Willie Delaney was a child slave in Ireland
For a brief moment this week, the attention of the Western world's media focused on a story that is usually ignored. The strange voyage of the dilapidated Nigerian ship mv Etireno up and down the coast of west Africa with what was thought to be cargo of desperate children, forced us to notice that child slavery is a continuing reality. UN estimates suggest that about 200,000 children work as slaves in the region, many on the plantations that furnish the chocolate for the Easter eggs we gave our children while the Etireno was being sought.
For most Irish people, news of the persistence of such barbarity in the modern world will have come as a shock. Our hearts were touched by the description of the plight of these children by Esther Guluma, the Benin representative of Unicef: "They work hard all day, you don't have to pay them very much and they don't complain. They are subjected to hard physical labour, they are uprooted from their families, they don't have any access to education. It has a real impact on their physical and mental development. Those trafficked as domestic servants, a lot of them are sexually exploited." Uprooted from their families, worked like dogs, deprived of a decent education, sexually exploited - this is the fate of child slaves. The only consolation to be derived from thinking about their lives is that all of this goes on far away in a savage but distant place. It belongs to the heart of darkness out there beyond the reach of civilised norms. Just as the Etireno was docking in Benin and the world's attention was wandering off the subject of child slavery, the remains of Willie Delaney were being disinterred at St Kieran's Cemetery in Kilkenny. The grim operation was part of a long-running Garda investigation into allegations of sexual and physical abuse of children at St Joseph's industrial school in Letterfrack, Co Galway. The hope is that a post-mortem on Willie Delaney will show whether he died of natural causes or as a result of a beating at Letterfrack.
Though it is not politic to use the phrase, Willie Delaney was a child slave. The conditions of child slaves in west Africa as described this week by UNICEF - hard labour, deprivation of family life, lack of education, sexual exploitation - are precisely those that prevailed at Letterfrack and throughout the industrial school system. For all the shocks applied to the national conscience by Mary Raftery's States of Fear series on RTE, that reality has still not been fully recognised.
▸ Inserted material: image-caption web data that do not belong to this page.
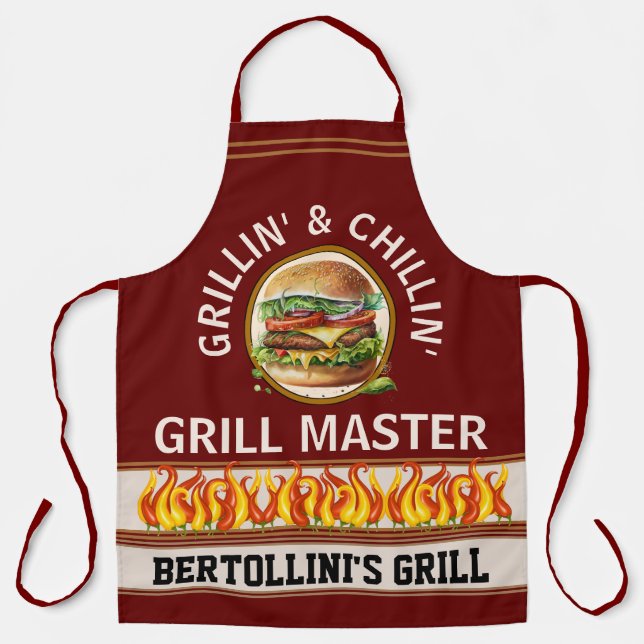 Tablier d'impression recto verso Grillin' et Chill (Recto)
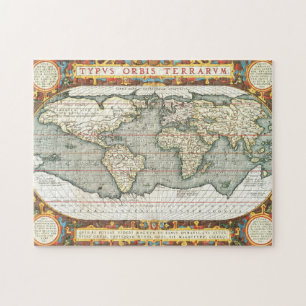 ヴィンテージの世界地図Abraham Ortelius 1587-1595 ジグソーパズル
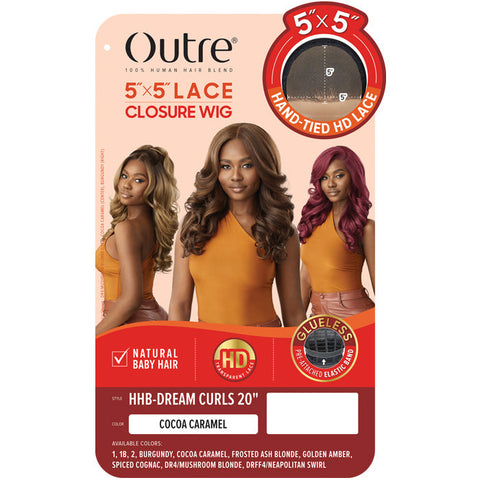 Outre 5x5 Lace Closure Wig Human Hair Blend Glueless HD Lace Front Wig - HHB-DREAM CURLS 20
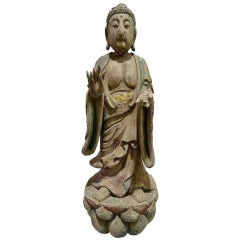 Vintage 20th Century Wooden Buddha Statue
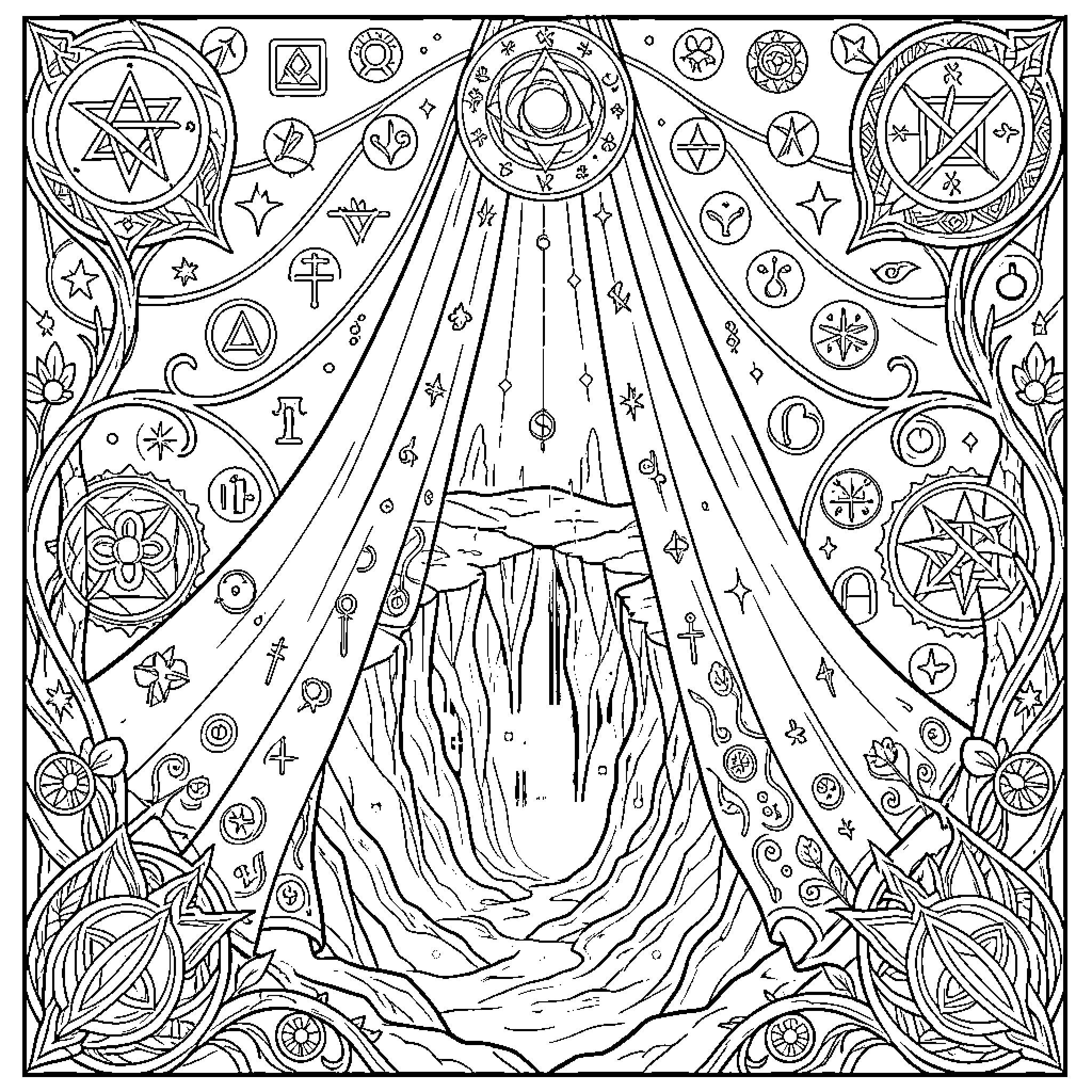 Alchemy - Mystical symbols and cosmic imagery Coloring Page (free black-and-white line drawing printable PDF for all, from beginners to advanced learners, including children, teens, adults, and seniors)
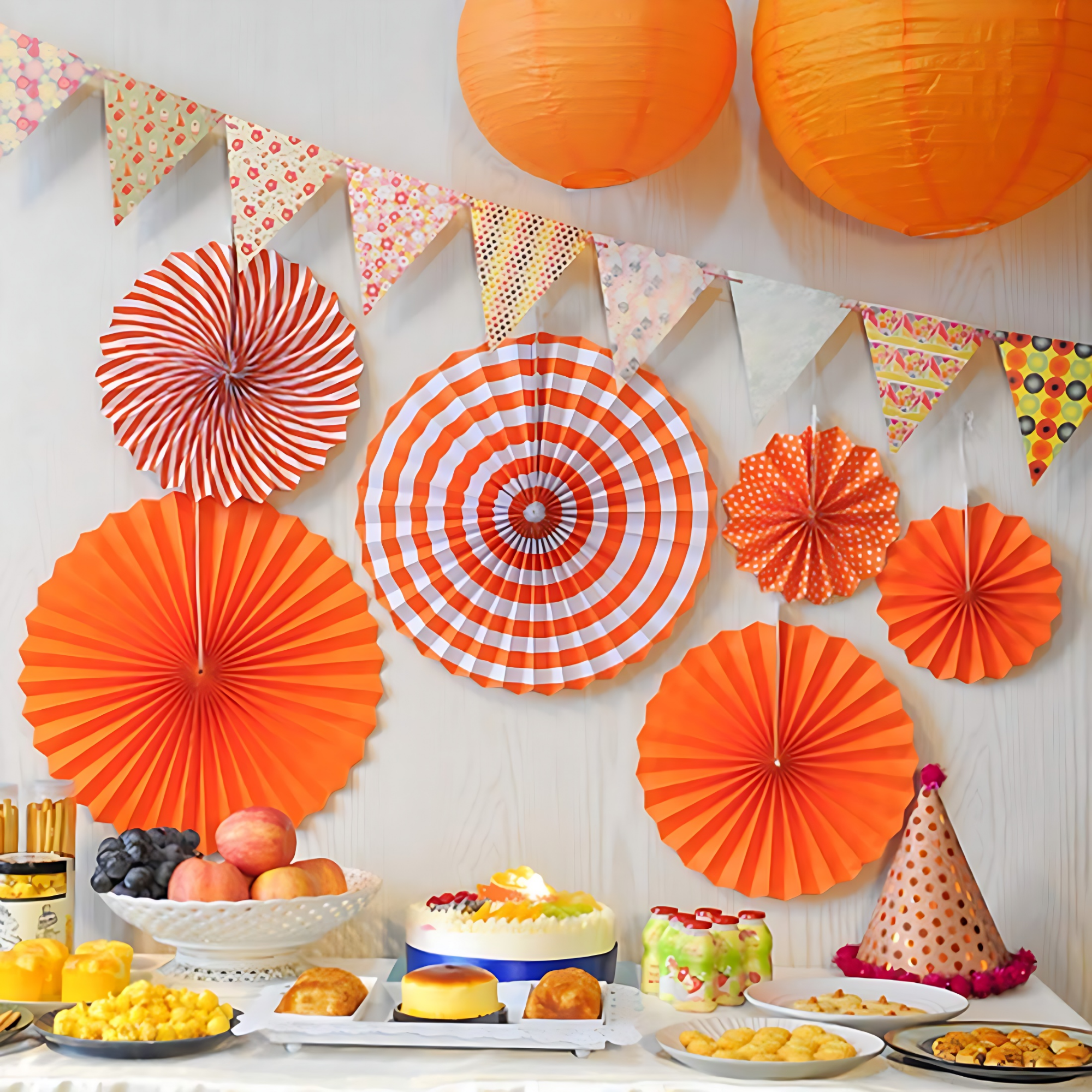 Hanging Paper Fans Party Decoration - Perfect for Anniversary, Birthday, Baby Shower, Valentine's Day, Home, Restaurants, Showroom Decoration - Pack of 6 Pieces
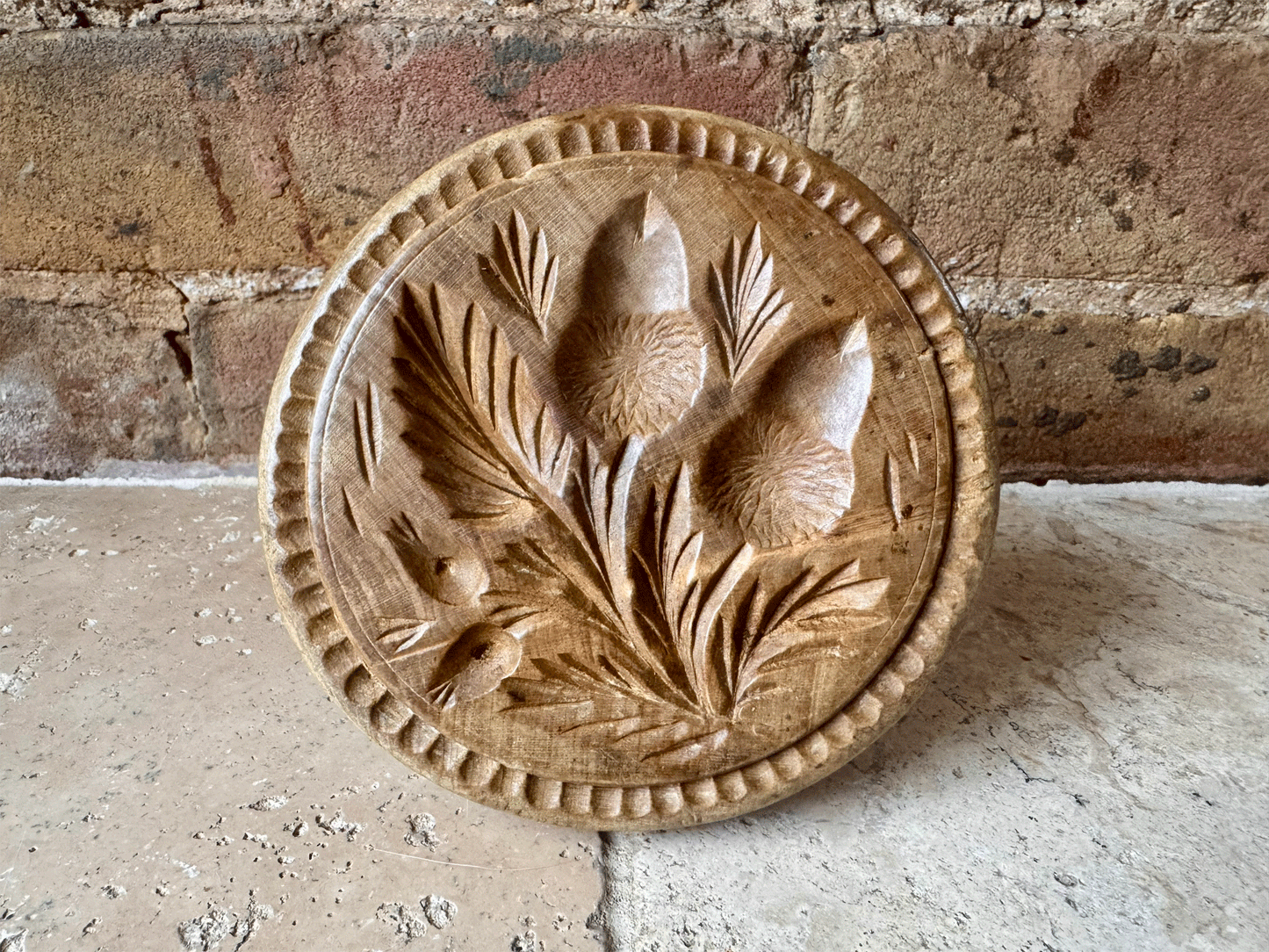 Large Antique Victorian Butter Stamp - Acorns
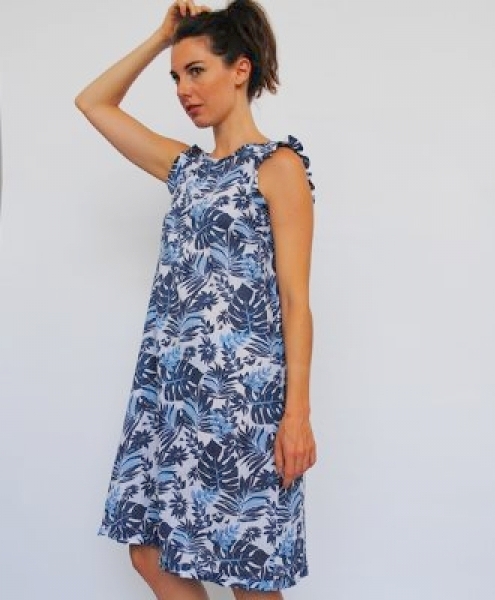 Vestito a trapezio in cotone Setareh Azzurro Blu bianco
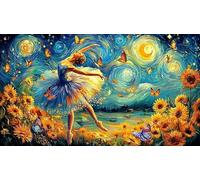 Ballet-Girl-Dancing-in-Colorful-Dress Puzzle pour Adultes 1000 pièces Papier recyclé Beau Puzzle de décoration Stimulant pour détente et décoration Murale Idée Cadeau Parfaite 38x52/1000 pièces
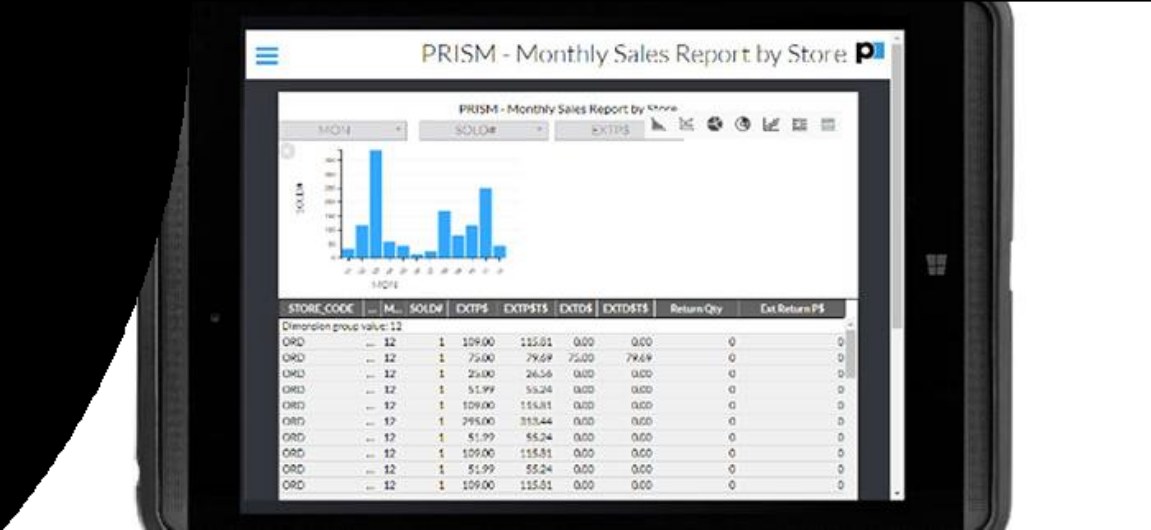 Retail Pro Prism monthly sales report by store, shown on a tablet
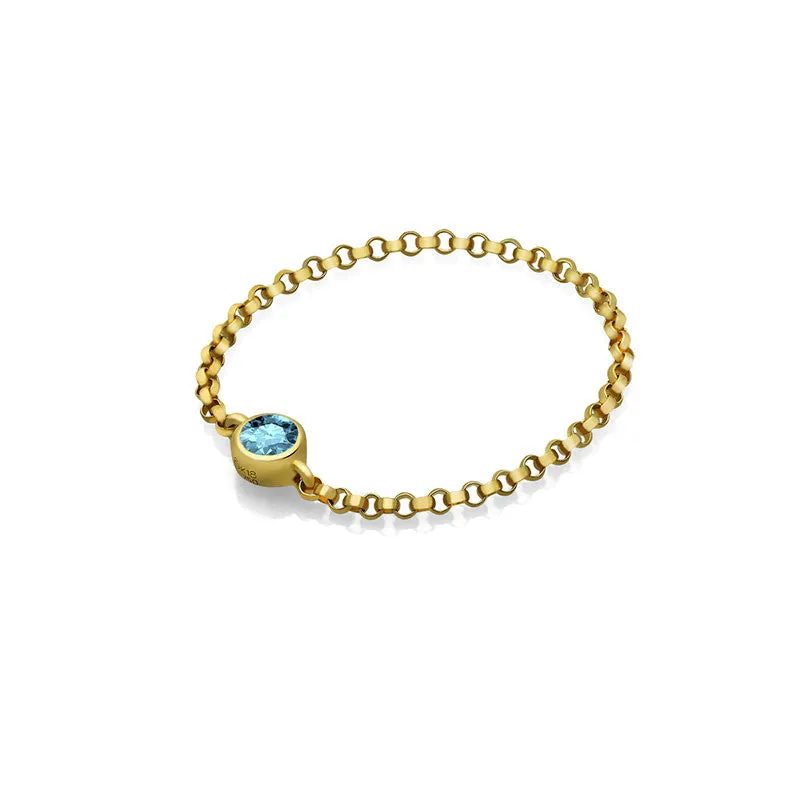 18k Gold March Birthstone Aquamarine Chain Ring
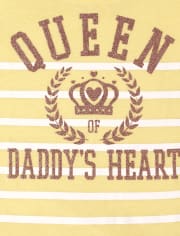 Camiseta estampada con el corazón de la reina del papá con purpurina para bebés y niñas pequeñas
When Willie Delaney was sent to Letterfrack as a 10-year-old in 1967, St Joseph's was essentially a labour camp for children. Until it closed in 1974, it advertised the extraordinary list of services quoted by Mary Raftery and Eoin O'Sullivan in their book Suffer Little Children from the institution's letterhead: "Orders Received in Tailoring, Bootmaking, Carpentry, Bakery, Cartmaking, Smithwork. Also Wire Mattress, Hosiery, Hearth Rugs, Motors Repaired, Petrol & Oils Supplied." Though it was meant to be a school, the education of boys like Willie Delaney took second place to unpaid labour in the workshops that provided these services and on the large farm attached to the institution. While he was there, an internal Department of Education memo acknowledged the utter inadequacy of schooling, due in part to "pupils, particularly senior pupils, having to undertake tiring physical work in the afternoons due to (the) shortage of paid labour in the institution". The Christian Brothers, who ran St Joseph's, saw the children in their care as vital economic assets. The financial health of Letterfrack depended on securing as many as possible of what the Brothers' internal visitors' report for 1953 calls "these children who mean so much financially to the institution". The report for 1952 notes that the brother in charge of the farm "is ever on the outlook for boys in all the centres he travels to in securing stock and supplies. To his credit goes the goodly numbers that are generally maintained in the school."
The more inmates sent by the courts, the more profitable was the Letterfrack operation. Declining numbers in the late 1950s seem to have led to operating deficits, but these would appear to have been reversed in the 1960s. By 1969, when Willie Delaney was there, Letterfrack had income of £19,131 and expenditure of £12,296, and by 1973, the school accounts show a profit of almost £12,000.
The child slaves who created these profits, like their counterparts in west Africa, were fair game for sexual abuse and physical violence. In the early 1970s, even the Christian Brothers' own internal reports were highlighting tension over "discipline". The 1972 report notes that the brother in charge of administering punishment was "over-rigid with the boys" and "scarcely a suitable person to hold his present position". Whether Willie Delaney's death had a bearing on these internal arguments is something that may only become clear when the extensive Garda investigation bears fruit.
IT IS tempting to think that all of this happened a very long time ago. Yet few regard the political events of the Arms Trial crisis in the same year as Willie Delaney's death as a mere historic footnote. Getting to grips with those events is seen as essential to any proper understanding of the way we are now. Acknowledging the reality of modern Irish slavery is, if anything, even more important.
Were he alive, Willie Delaney would now be just 44 years old. Thousands of Irish people now in early middle age should properly be regarded as survivors of child slavery, whose experiences at the hands of church and State are not fundamentally different from those that still prevail in west Africa. Even as we hand in our collection boxes for Trocaire's splendid Lenten campaign against slavery, we need to remember that the heart of darkness can be very close to home.